I think I was lucky to win the competition at the time I did. Van was still very active in the [Van Cliburn] Foundation, in terms of giving moral support for the competitors. He'd show up to a lot of events. The fact that somebody who achieved so much is in your corner, that's a big inspiration. I think all of us who have gone through his competition felt that from him, and will always continue to feel that. It is our job, as people who are associated with the Van Cliburn Competition or the Van Cliburn Foundation, to keep that spirit going.
Olga Kern (Gold Medal winner at the 2001 Van Cliburn International Piano Competition)

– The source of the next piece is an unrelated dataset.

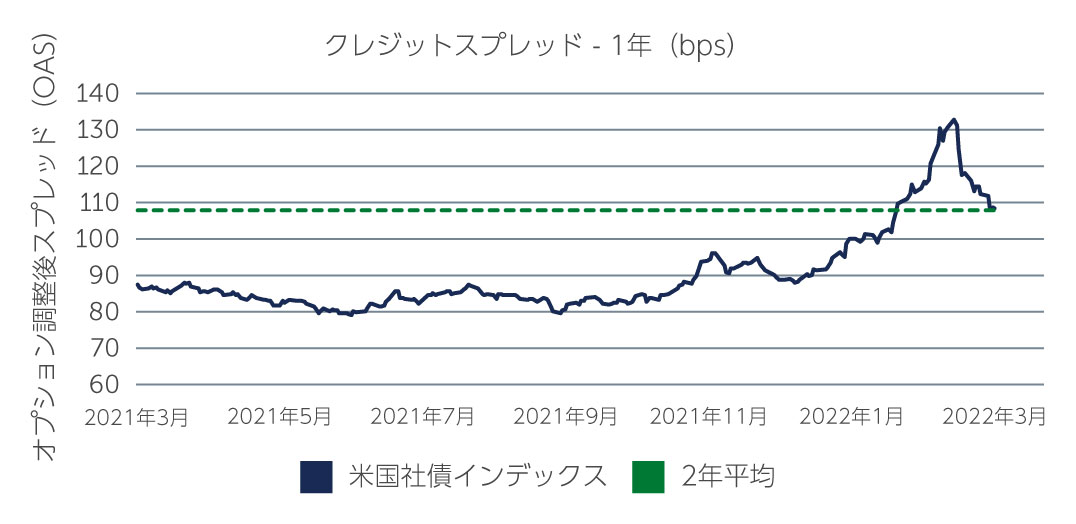 investment-grade-credit-higher-chart1-jp.jpg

I grew up on Van Cliburn's recordings: Both my mother and my father heard him play at the Tchaikovsky Competition in 1958. For them, he was such a hero, and in Russia he was always a huge hero, this incredibly handsome young man who came to Moscow to perform Russian music like never before. He opened for us musicians a new way of performing Russian music like Tchaikovsky and Rachmaninov. Even when Russians are very happy, they're also very sad. When Van Cliburn played Rachmaninoff or Tchaikovsky, you could hear that Russian soul.
When he was playing, the piano sang. In his music, there's so much nuance and melody and phrasing and dynamics — it was pure love and passion. When I talked to him about it, he was always telling me how close Russian culture — Russian art, Russian music — was to his heart, and how he felt part Russian. When he came to Moscow for the first time to participate in the Tchaikovsky Competition, he immediately felt that he'd found part of his soul. He felt so comfortable there. And I know that feeling too: I remember that when I came to Fort Worth to play in the Van Cliburn Competition, I felt the same way about Texas.
Among my favorite Van Cliburn recordings are the Rachmaninoff Piano Concerto No. 3 and the Rachmaninoff Piano Sonata No. 2. Everything that he was doing was so remarkable and so unforgettable. For a little child like me, it was such an inspiration.
I always wanted to meet him; that's actually why I wanted to participate in the Van Cliburn Competition, just to meet him. Then to actually meet him, to shake his hand to hug him — that was the biggest prize for me.
One of the most incredible memories for me was to go to his house and to see his collection of beautiful old Steinways. One was his mother's piano, which he kept in a special room that he called "the Russian room" — and I played for him, on that piano, the Rachmaninoff Second Piano Concerto. He gave me such an incredible lesson; we spent a couple of hours there, talking and sharing.
After I won the competition, I lived in Texas for a couple of years, not far from Van's house. That was an incredible time for me. After I moved to New York, every time I could I went to visit him. And I'm very proud that my son Vladik (Vladislav), who is also playing piano now and studying at the Juilliard pre-college program, was given the very first Van Cliburn scholarship at Juilliard at the beginning of this year. Van told me how proud he was of Vladik, and I'm just so happy that my son can carry on that music and that inspiration from such a great man.